**EXERCISE BRIEF**: Would you please print exactly the lines that run from the one with "DATEJUST OTOMATİK GOLD GÜMÜŞ" to the last line of the data, both included, without any pictures?

** Opening DATASET SECTION block **

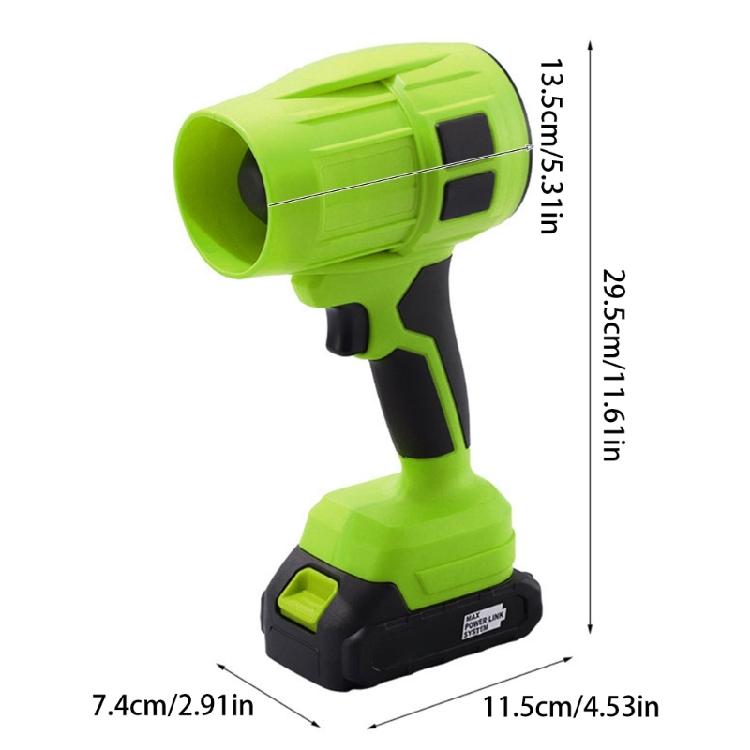 Powerful Cordless Blower 110V Speed Handheld Device For Quick Leaf Removal Lightweight Ergonomic Design With Included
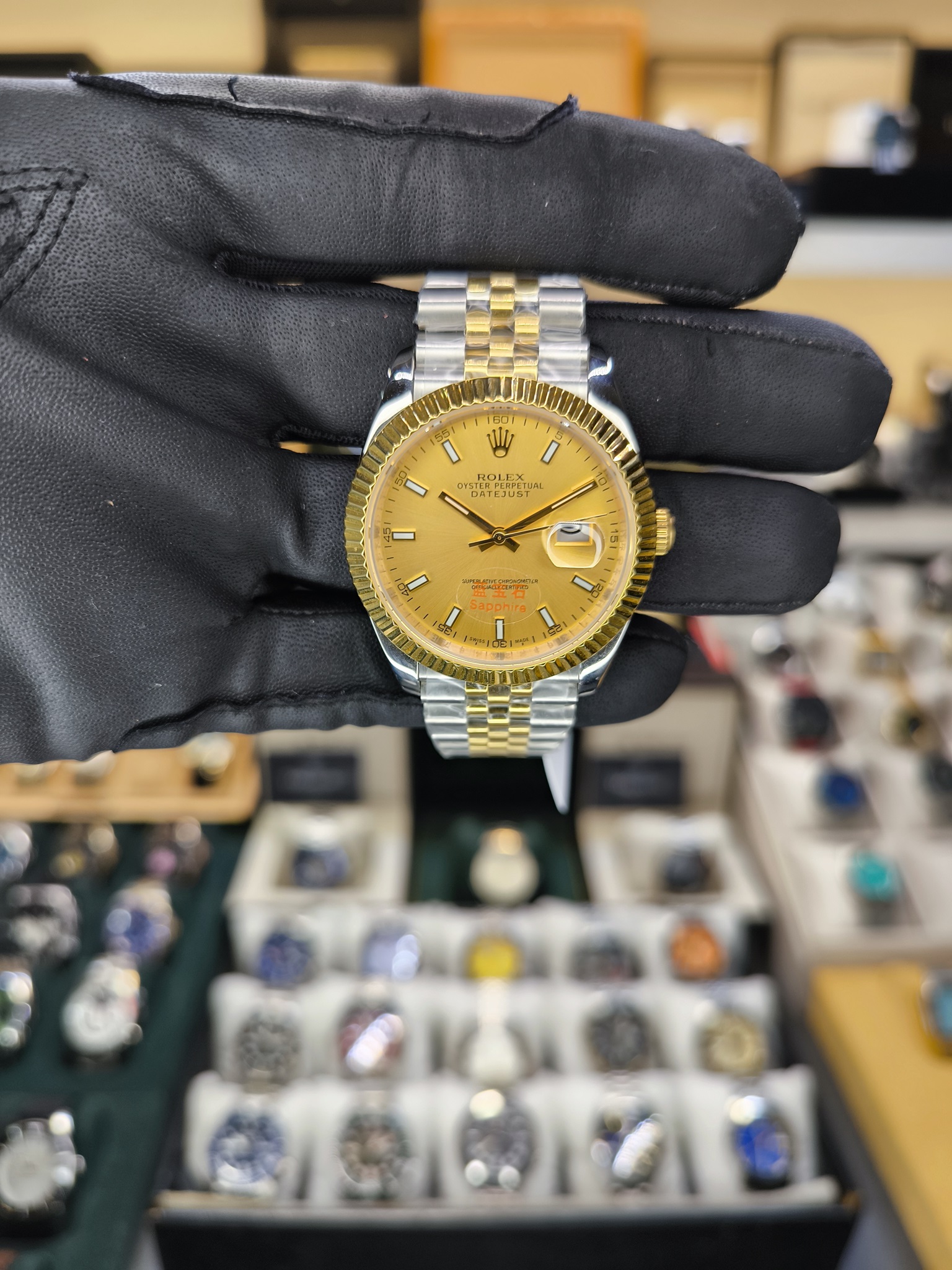DATEJUST OTOMATİK GOLD GÜMÜŞ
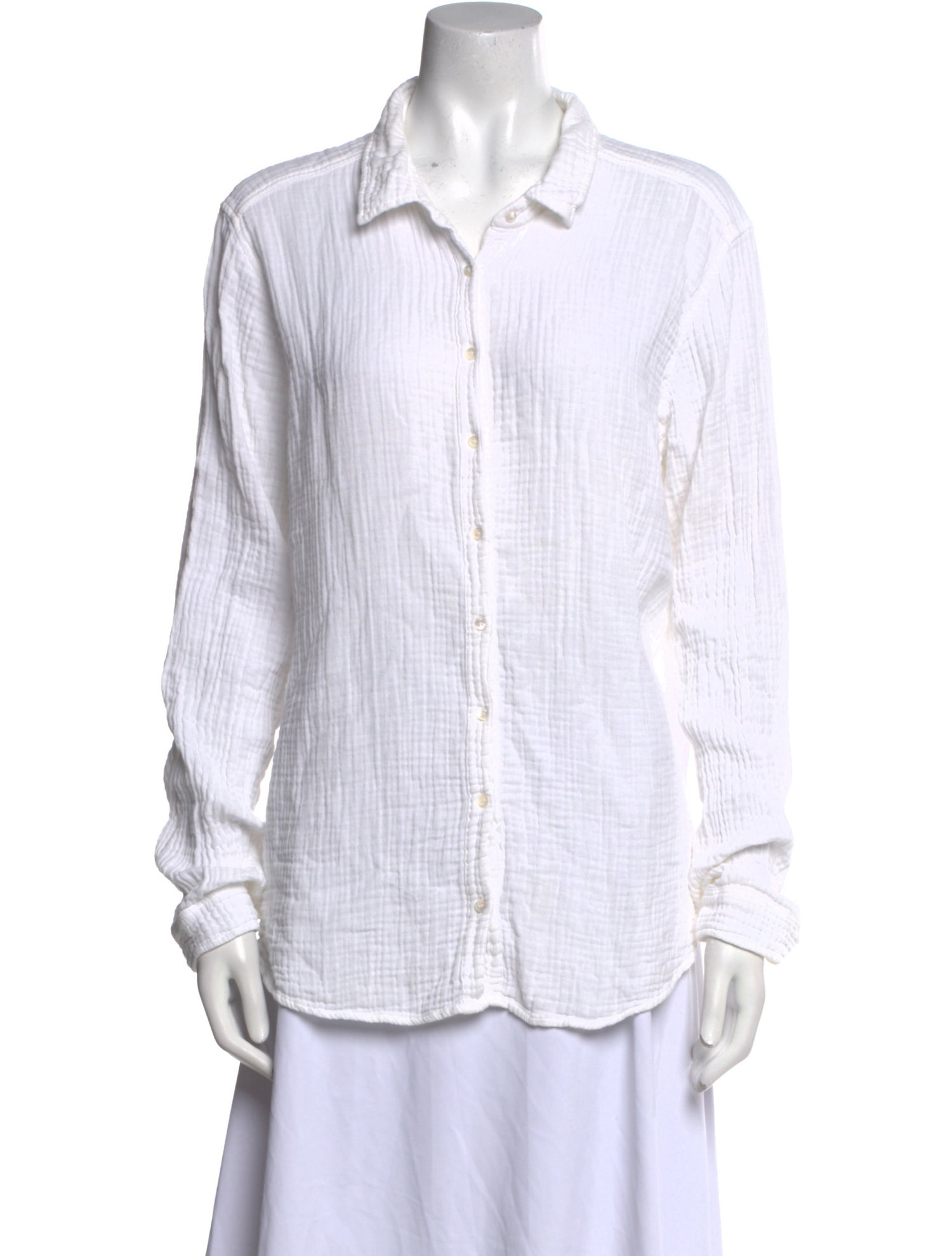 Xirena Long Sleeve Button-Up Top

** Closing DATASET SECTION block **

**TASK SOLUTION**:
DATEJUST OTOMATİK GOLD GÜMÜŞ
 Xirena Long Sleeve Button-Up Top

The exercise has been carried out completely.